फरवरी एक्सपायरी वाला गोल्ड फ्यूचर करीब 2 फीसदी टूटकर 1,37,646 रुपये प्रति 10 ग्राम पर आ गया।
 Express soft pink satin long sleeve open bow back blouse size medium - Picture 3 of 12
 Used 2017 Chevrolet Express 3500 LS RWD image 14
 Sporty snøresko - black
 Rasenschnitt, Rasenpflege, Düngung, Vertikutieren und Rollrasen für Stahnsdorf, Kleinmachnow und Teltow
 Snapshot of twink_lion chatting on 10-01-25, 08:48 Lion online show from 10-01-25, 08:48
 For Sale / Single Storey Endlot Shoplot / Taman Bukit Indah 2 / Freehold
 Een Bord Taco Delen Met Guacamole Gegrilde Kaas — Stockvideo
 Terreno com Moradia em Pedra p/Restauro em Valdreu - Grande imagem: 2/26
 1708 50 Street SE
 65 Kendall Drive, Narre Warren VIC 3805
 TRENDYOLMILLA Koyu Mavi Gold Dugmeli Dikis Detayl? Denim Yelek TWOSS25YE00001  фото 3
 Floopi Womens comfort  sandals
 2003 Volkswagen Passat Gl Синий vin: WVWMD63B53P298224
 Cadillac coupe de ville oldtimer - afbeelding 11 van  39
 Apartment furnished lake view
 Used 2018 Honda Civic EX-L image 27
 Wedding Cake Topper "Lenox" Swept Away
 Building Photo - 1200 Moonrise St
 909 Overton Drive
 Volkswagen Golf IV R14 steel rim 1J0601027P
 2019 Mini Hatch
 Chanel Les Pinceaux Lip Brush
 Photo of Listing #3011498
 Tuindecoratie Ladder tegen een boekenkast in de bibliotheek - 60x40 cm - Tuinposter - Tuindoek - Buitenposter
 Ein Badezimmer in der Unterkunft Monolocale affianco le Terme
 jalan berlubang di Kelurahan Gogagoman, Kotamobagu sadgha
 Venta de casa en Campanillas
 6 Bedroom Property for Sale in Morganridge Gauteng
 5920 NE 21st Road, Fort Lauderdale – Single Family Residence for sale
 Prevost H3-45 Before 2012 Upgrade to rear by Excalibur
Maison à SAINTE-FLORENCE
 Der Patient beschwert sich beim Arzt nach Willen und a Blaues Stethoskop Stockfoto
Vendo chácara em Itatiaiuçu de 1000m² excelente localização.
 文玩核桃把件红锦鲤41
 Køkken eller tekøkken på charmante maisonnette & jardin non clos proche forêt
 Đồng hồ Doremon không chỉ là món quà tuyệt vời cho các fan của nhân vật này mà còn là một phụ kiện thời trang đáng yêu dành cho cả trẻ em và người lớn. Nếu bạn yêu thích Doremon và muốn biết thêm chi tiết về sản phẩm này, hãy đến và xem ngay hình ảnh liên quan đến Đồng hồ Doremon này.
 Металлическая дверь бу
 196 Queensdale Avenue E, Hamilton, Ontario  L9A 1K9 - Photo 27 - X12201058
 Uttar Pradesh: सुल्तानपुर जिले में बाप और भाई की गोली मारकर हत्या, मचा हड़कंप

****************

→ YOUR ASSIGNMENT: Determine how many lines of the entries hold "Express", and reply with that number only.

→ EXPECTED ANSWER: 2